May 19 (BusinessDesk) – New Zealand’s AA+ credit rating was kept on negative outlook by Fitch Ratings, which said the nation’s high levels of external debt are still a concern.

Fitch said the government’s Budget shows its commitment to aggressively tacking the widening budget deficit and returning state finances to surplus by 2015 through cuts to programmes like Working for Families, student loans, and further reductions in the state sector.

“The deficit was definitely not going to be brought back in line in this budget, that’s more of a medium term issue, and they seem to have stuck to that track to bring it back to balance in that timeframe,” Art Woo, a director at Fitch Sovereign Ratings, told BusinessDesk. “You could make the case that they are doing it a little quicker than expected.”

New Zealand’s operating deficit is forecast to peak out at $16.7 billion in the year ending June 30, falling over the next three years before turning to a surplus of $1.3 billion in the June 2015 year. Core Crown expenses are forecast to rise 5.9% to $77.1 billion in the five years to 2015 while core revenue soars 34% to $76.4 million, the Treasury projections show.

Weekly government borrowing will drop from around $380 million a week at present to $100 million a week in the year ahead.

The comments from Fitch come after Standard & Poor’s put out a statement saying it wouldn’t change New Zealand’s AA+ or negative outlook after the Budget.

Woo said the Budget, while a step in the right direction, did not get New Zealand out of the woods yet, with the high level of external debt remained a major concern for the ratings agency.

Government debt currently stands at about 20% of GDP and is expected to rise to just under 30% by the 2014/15 financial year, a level Fitch does not consider “onerous” when compared to New Zealand’s external debt of $253 billion, or 132% of GDP, according to figures from the Reserve Bank.

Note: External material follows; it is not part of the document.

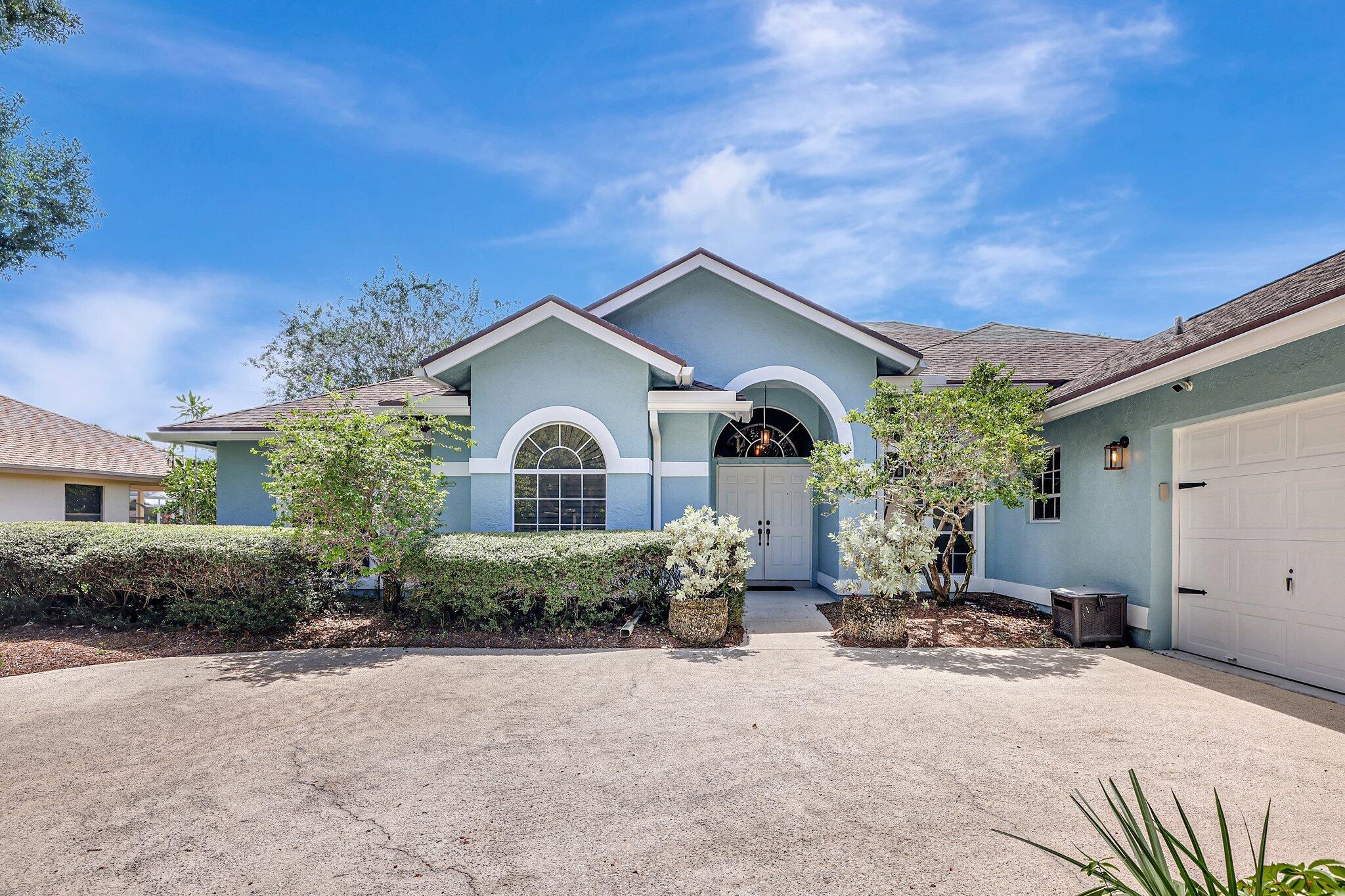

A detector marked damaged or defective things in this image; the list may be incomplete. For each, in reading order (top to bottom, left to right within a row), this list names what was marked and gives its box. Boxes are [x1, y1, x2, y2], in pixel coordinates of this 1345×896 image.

cracked concrete [3, 642, 1345, 891]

“From a broader sovereign ratings perspective, New Zealand’s net external finances remain a source of concern due to low private sector savings and that is really at the heart of the matter,” Woo said. “Efforts to correct the domestic savings and investment imbalance are likely to remain a focus of the government in the medium-term.”

Woo said overall he was happy with the government’s budget, and said further changes to the country’s credit rating would be unlikely before Fitch’s annual sovereign ratings review in the second half of the year, barring exceptional circumstances.